**** DATA EXTRACTS

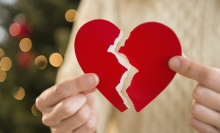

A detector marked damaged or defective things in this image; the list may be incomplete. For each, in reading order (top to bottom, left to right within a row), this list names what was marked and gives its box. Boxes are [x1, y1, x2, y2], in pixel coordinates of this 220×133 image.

torn edge of heart [107, 30, 133, 108]
broken heart [75, 19, 181, 112]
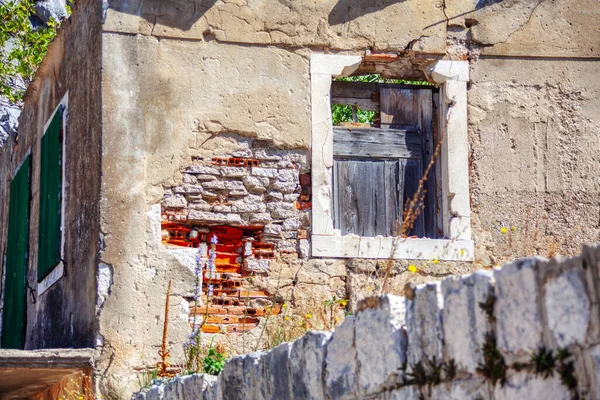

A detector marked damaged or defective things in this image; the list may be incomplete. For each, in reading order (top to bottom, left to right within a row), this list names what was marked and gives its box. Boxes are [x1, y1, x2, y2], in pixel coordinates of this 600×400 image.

broken wall section [162, 139, 312, 336]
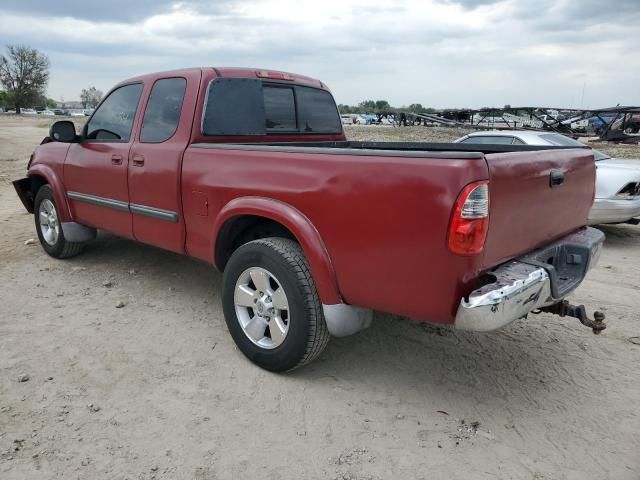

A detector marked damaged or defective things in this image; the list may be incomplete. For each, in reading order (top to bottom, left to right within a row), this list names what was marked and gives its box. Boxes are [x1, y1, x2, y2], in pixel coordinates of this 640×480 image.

damaged rear bumper [456, 227, 604, 332]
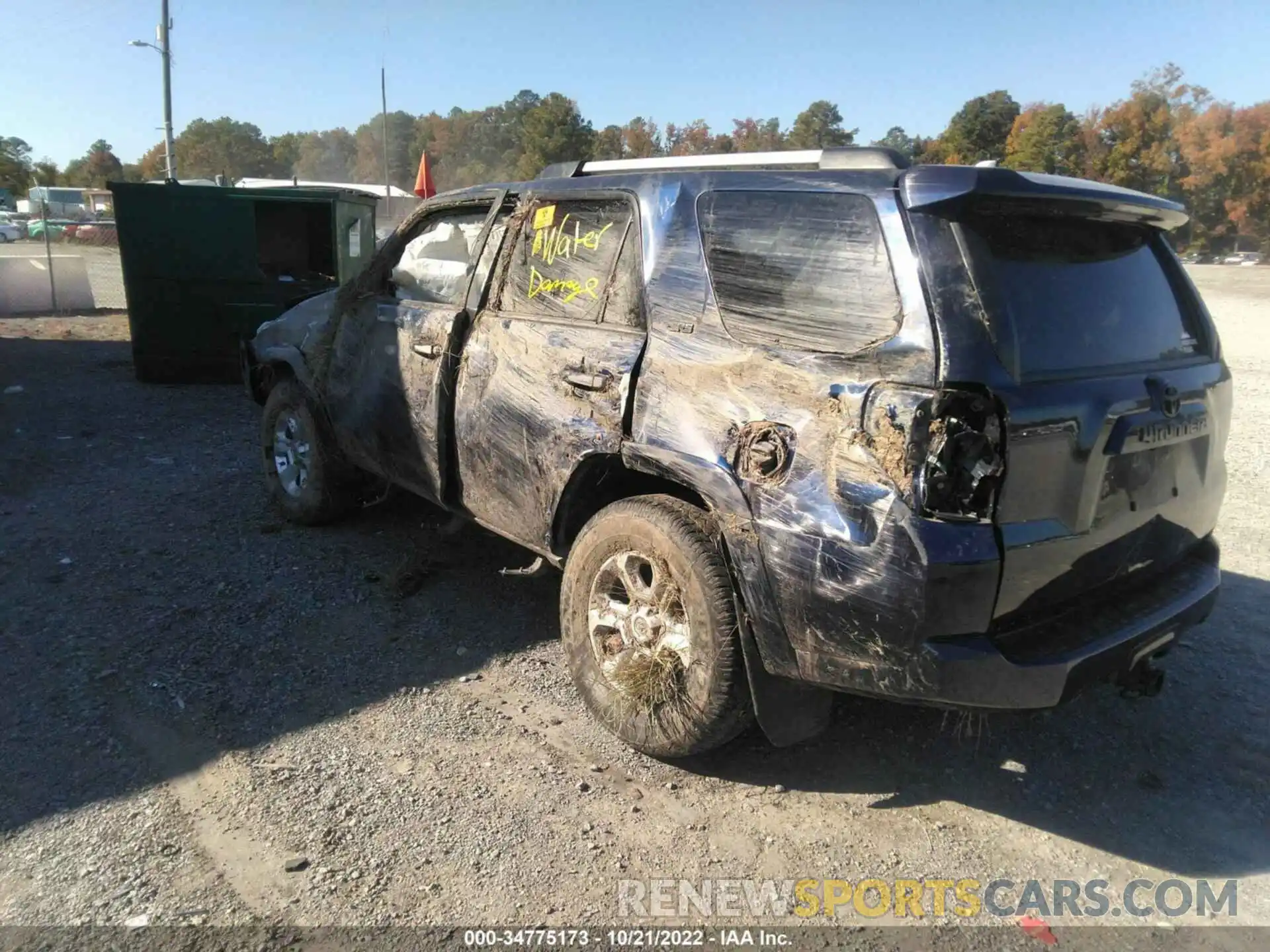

********

- **TASK TO COMPLETE**: Leave the pictures out and copy the rest of the data exactly.

- **RESULT OF THIS EXERCISE**:
A detector marked damaged or defective things in this image; the list may be incomplete. For each, in reading order (top to bottom, left to right within a row), this list names what was marked and gives its box. Boxes are [x1, y1, x2, y2], in pixel coordinates of this 220×133 image.

torn edge of heart [107, 30, 133, 108]
broken heart [75, 19, 181, 112]

A detector marked damaged or defective things in this image; the list may be incomplete. For each, in reading order (top to bottom, left to right within a row), this list names what was marked and gives its box. Boxes are [x1, y1, x2, y2], in pixel coordinates of this 600×400 image.

broken wall section [162, 139, 312, 336]

A detector marked damaged or defective things in this image; the list may be incomplete. For each, in reading order (top to bottom, left to right within a row), this list names what was marked and gives its box. Boxes are [x1, y1, x2, y2], in pixel coordinates of this 640×480 image.

damaged rear bumper [456, 227, 604, 332]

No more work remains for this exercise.